Ich war so schwach. Wieder hatten sie gewonnen. Sie taten einfach, was sie wollten und ich litt darunter.
Ich hatte mich so sehr auf diesen Ball gefreut. Es war eigentlich nicht zu glauben, dass ich mich jemals im Leben auf einen Ball freuen würde.
Ich wusste, dass ich es Harry erzählen musste. Harry. Für ihn war es noch so viel schlimmer.
Ich schloss den Flur zu den Telefonen wieder ab, rannte zu Evelyns Büro. Ich platzte ohne zu klopfen hinein und die Schulleiterin sah mich wissend an. »Es tut mir leid, Louis.«
Ich schüttelte den Kopf. Ich wollte das nicht hören. Es würde nichts ändern. Aus irgendeinem Grund schien ihr Harry beinahe genauso wichtig zu sein wie mir. Aber sie konnte ebenso wenig tun wie ich. Also war mir ihr Mitgefühl egal.
Ich legte den Schlüsselbund auf ihren Tisch. »Danke.«
Damit verließ ich ihr Büro wieder.
Auf direktem Weg lief ich nach oben. Mit jedem Schritt schienen Wut und Überraschung sich langsam in mir abzusetzen. Aber damit kam ein weiteres Gefühl zum Vorschein, mit dem ich nicht wirklich gerechnet hatte und das ich auch lange nicht mehr so empfunden hatte. Ich war traurig. Es begann, mich so traurig zu machen, dass ich mich leer fühlte. Ich hatte mich so sehr auf morgen gefreut.
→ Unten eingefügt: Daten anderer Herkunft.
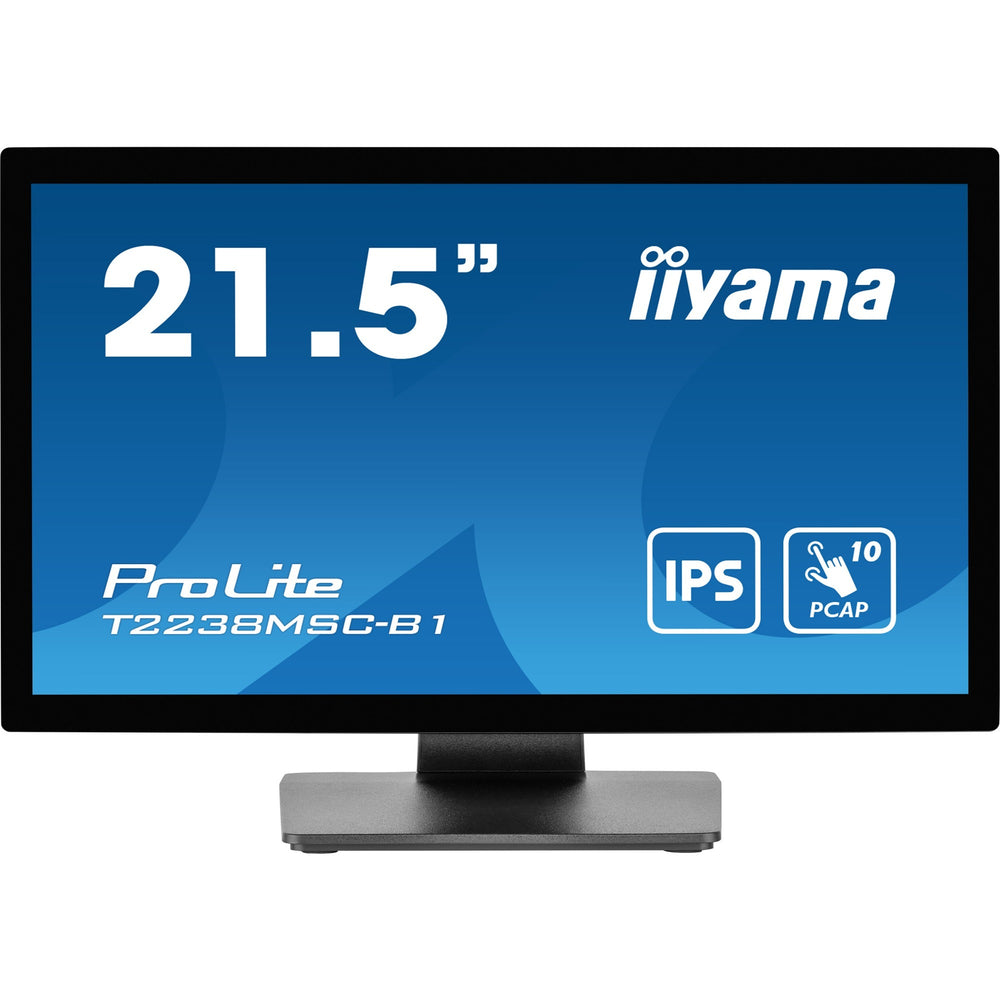 Iiyama prolite t2238msc-b1 21.5 touchscreen monitor (zwart (mat), hdmi, displayport, 2x usb-a, usb-b)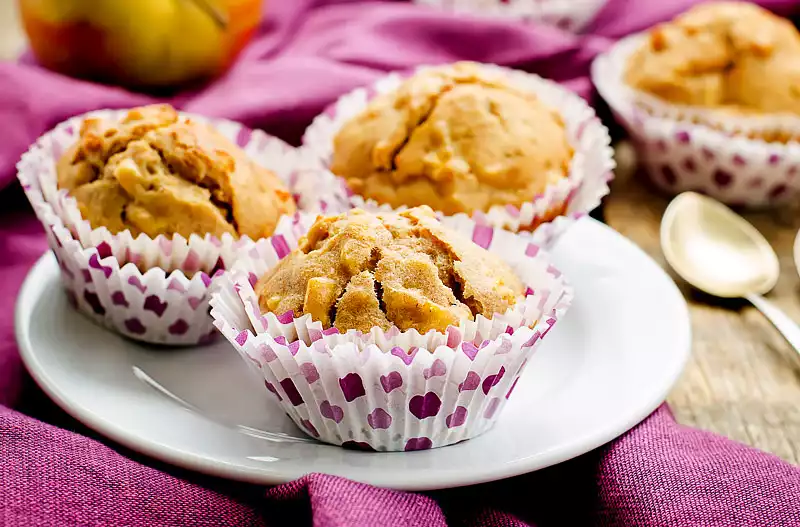 Maple Syrup Apple Bran Muffins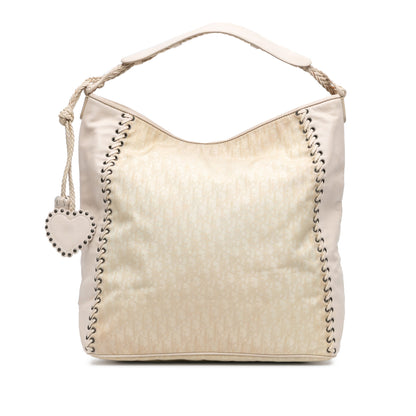 Diorissimo Canvas and Leather Ethnic Tote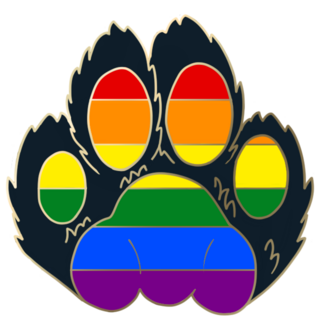 pride paw mini pin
Harry war nicht in unserem Zimmer (wie immer, wenn ich ihn dort suchte). Allerdings fand ich ihn und Niall in dem Zimmer des Iren. Sie saßen beide am Tisch und kritzelten begeistert auf einem gemeinsamen Blatt herum. Vielleicht zerbrach etwas in mir, als ich Harry lächeln sah. Diese Freude würde vermutlich nicht mehr lange halten.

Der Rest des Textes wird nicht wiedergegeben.